[LLVMdev] Regular Expression lib support

Sun Aug 23 21:11:28 PDT 2009

On Sun, Aug 23, 2009 at 8:28 PM, Chris Lattner<clattner at apple.com> wrote:
>
> On Aug 23, 2009, at 5:50 PM, OvermindDL1 wrote:
>
>> On Sun, Aug 23, 2009 at 6:32 PM, Daniel Dunbar<daniel at zuster.org> wrote:
>>>
>>> This is too heavy, and we don't need the extra features, and regexec
>>> is well tested and much more standard. Unless there is an overwhelming
>>
>> 'regexec' I had never heard of, figured it was a library, turns out it
>> is a function call on *nix systems, yea, that is very much not usable
>> in any way shape or form, and is certainly not a standard if it does
>> not work on one of the major LLVM platforms (and it is still not a
>> standard in any pure form since it is not part of the C/C++ standard
>> headers).  If that is option #2, then option #2 is very unusable.
>>
>> And yes, if you must know, I program on Windows, which is why I am
>> pushing to use something that actually works everywhere instead of
>> just someone's favorite OS (I prefer BSD honestly, but Windows is what
>> the desktop world is sadly stuck on, so that is what I have to program
>> for).
>
> I think you're seriously confused about the proposal.  To put it bluntly,
> there is no way we'll use boosts regex support, sorry.
>
> The proposal is to use the unix standard regexec library interface.  The
> LLVM tree would include an imported BSD-licenced implementation from one of
> many sources.  We'd then have configury logic detect when the host OS
> already supports the regexec interfaces, and if so, don't build our imported
> copy.
>
> We'd have a simple layer on top of it to make the interface to the regex
> library less horrible than what regexec provides.
>
> Again, forget boost regex. :)

What about std::regex?  It is even now still a lot more standard then
regexec (which does not exist on my platform).  Of which Boost just
happens to have a fully standards conforming implementation (as does
dinkumware too I think...).

In comparison (since you mentioned horrible interfaces), how about
something simple like returning a float followed by a pipe followed by
an integer list separated by commas and parsing it into a
std::pair<float,vector<int> > myPair;  Also, I might be wrong on some
of the regex syntax, it has been a *long* time since I ever touched
regex inside a program (ever since I started using boost::spirit, only
use it for grep and its kin anymore), but it should get the idea
across.  I use this regex for each of the things below:
  std::string regexStr("(-?\\d+(?:\\.\\d*)?)\\|(-?\\d+)*(?:\\,(-?\\d+))");
// I hope this is correct...
  std::string testStr("3.14|1,2,3,42,128");

The "(-?\\d+(?:\\.\\d*)?)\\|(-?\\d+)*(?:\\,(-?\\d+))" does not check
that the checked integer fits inside an int, does not account for
overflow (I could set a max repeat as well, but that still means it
will be too short to fit, or could overflow) for note...

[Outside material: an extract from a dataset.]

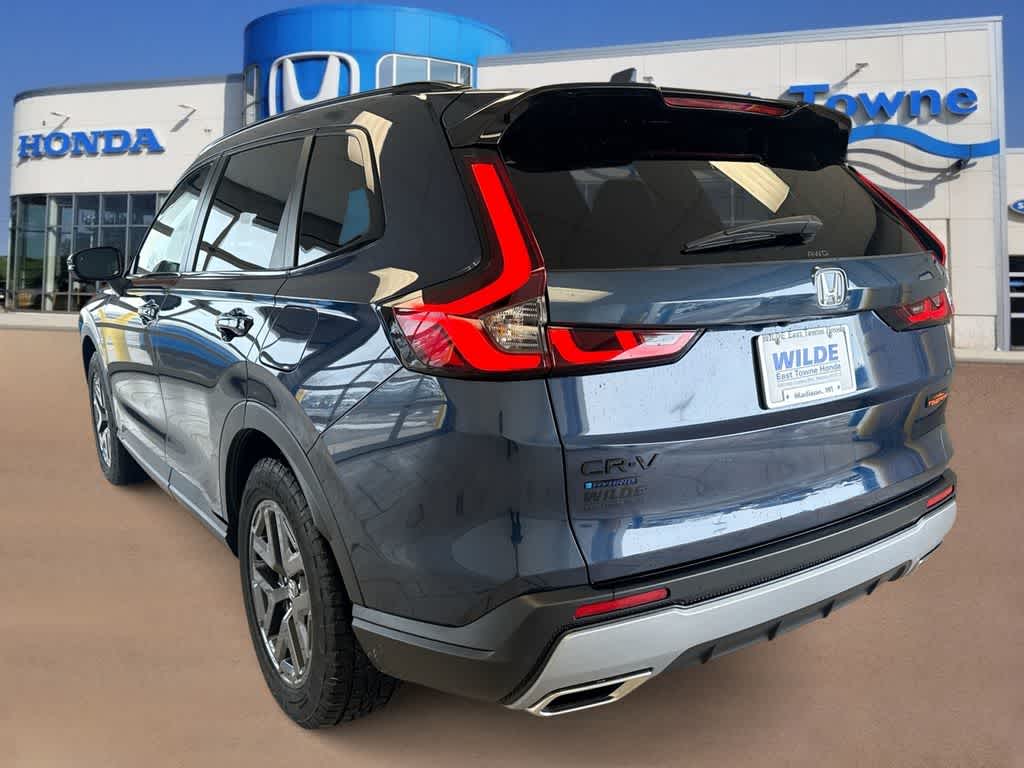 Thumbnail: 2026 Honda CR-V - 6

regexec/or_whatever_in_regex.h_that_is_*nix_only (*nix standard, not
anywhere else):  // dynamic regex, so it is slow in comparison to
other alternatives
  I have no clue how use this one, to be honest, I do not know the
syntax, if anyone else could show me how for this example?  I doubt it
would be any shorter or faster to write (and especially to execute)
then the spirit example for note.

std/tr1/boost::regex (the C++ standard):  // dynamic regex, so it is
slow in comparison to other alternatives
bool parse_test(std::string &testStr, myPair &ret)
{
  match_results<IteratorType> m;
  regex e(regexStr);
  bool successful = regex_match(testStr.begin(),testStr.end(),m,e,match_extra);
  if(successful)
  {
    float f;
    vector<int> &i_list = myPair.second;
    f = atof(m[1].c_str());
    myPair.first=f;
    for(int i = 2; i < what.captures(2).size(); ++i)
    {
      i_list.push_back(atoi(m.captures(2)[i]));
    }
  }
  return successful;
}

boost::xpressive(dynamic): // this uses the same back-end as
std/tr1/boost::regex, except you can freely mix-n-match dynamic and
static xpressive regex's, so refer to std/tr1/boost::regex

boost::xpressive(static):  // This will be faster then all of the
above methods as the regex parse tree is created at compile-time
instead of run-time
bool parse_test(std::string &testStr, myPair &ret)
{
  sregex e = (s1=(!as_xpr('-')>>+_d>>!('.'>>*_d)))[ref(ret.first)=atof_adapt(s1)]
    >> '|'>> (s2=*_d)[push_back(ref(ret.second),atoi_adapt(s2))] >>
*(',' >> (s2=*_d)[push_back(ref(ret.second),atoi_adapt(s2))])
  bool successful = regex_match(testStr.begin(),testStr.end(),e,match_extra);
  return successful;
}

spirit::qi:  // This will be the fastest, quite literally no other
parser has got close to the execution speed that this one can parse at
for anything like this, and it is easy to write!
bool parse_test(std::string &testStr, myPair &ret)
{
  return parse(testStr.begin(),testStr.end(),
    float_ >> '|' >> int_%','
    ret);
}

And as stated, the spirit version will execute faster, is very easy to
write, is very readable, and has adapters so it can stuff into
everything from any stl container (or anything that supports insert or
push_back for containers) or any generic struct/class (thanks to
fusion), and it is simple to create new things to do just about
anything you want.
Even something as simple as
parse(testStr.begin(),testStr.end(),int_,myInt); it executes faster
then atoi.  And of course, you cannot beat the license.

Daniel just responded, so let me add based on his post.  I know regex
was slow, but if it is as slow as he is saying, that is even more
incentive not to use it, not just based on how unusable it is on some
platforms.  If you want speed, I dare you to show me anything that
beats Spirit2.1, even ignoring its ease of use and the fact it works
everywhere.